Polymorphism, Structure, and Nucleation of Cholesterol·H 2 O at Aqueous Interfaces and in Pathological Media: Revisited from a Computational Perspective.

We revisit the important issues of polymorphism, structure, and nucleation of cholesterol·H 2 O using first-principles calculations based on dispersion-augmented density functional theory. For the lesser known monoclinic polymorph, we obtain a fully extended H-bonded network in a structure akin to that of hexagonal ice. We show that the energy of the monoclinic and triclinic polymorphs is similar, strongly suggesting that kinetic and environmental effects play a significant role in determining polymorph nucleation. Furthermore, we find evidence in support of various O-H···O bonding motifs in both polymorphs that may result in hydroxyl disorder. We have been able to explain, via computation, why a single cholesterol bilayer in hydrated membranes always crystallizes in the monoclinic polymorph. We rationalize what we believe is a single-crystal to single-crystal transformation of the monoclinic form on increased interlayer growth beyond that of a single cholesterol bilayer, interleaved by a water bilayer. We show that the ice-like structure is also relevant to the related cholestanol·2H 2 O and stigmasterol·H 2 O crystals.

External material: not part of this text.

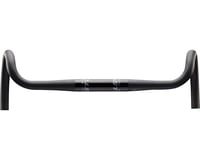 Easton EA70 AX Alloy Road Handlebar (Black) (31.8mm) (44cm)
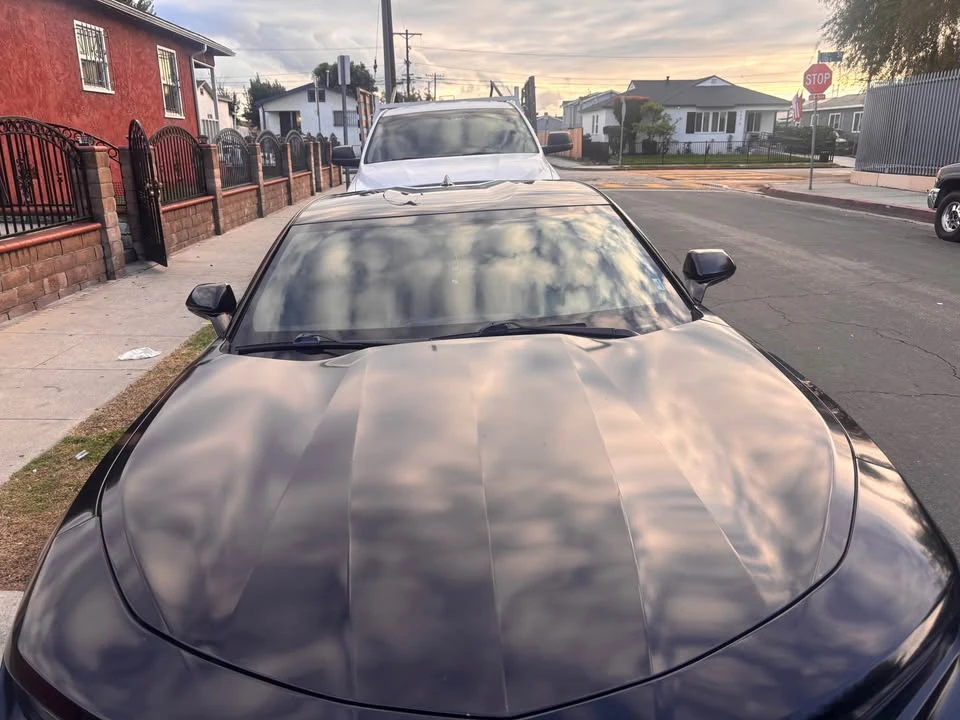 2016 Chevrolet Camaro 6th Gen - Image 6 of 10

The structure of stigmasterol hydrate both as a trilayer film at the air-water interface and as a macroscopic crystal further assists us in understanding the polymorphic and thermal behavior of cholesterol·H 2 O. Finally, we posit a possible role for one of the sterol esters in the crystallization of cholesterol·H 2 O in pathological environments, based on a composite of a crystalline bilayer of cholesteryl palmitate bound epitaxially as a nucleating agent to the monoclinic cholesterol·H 2 O form.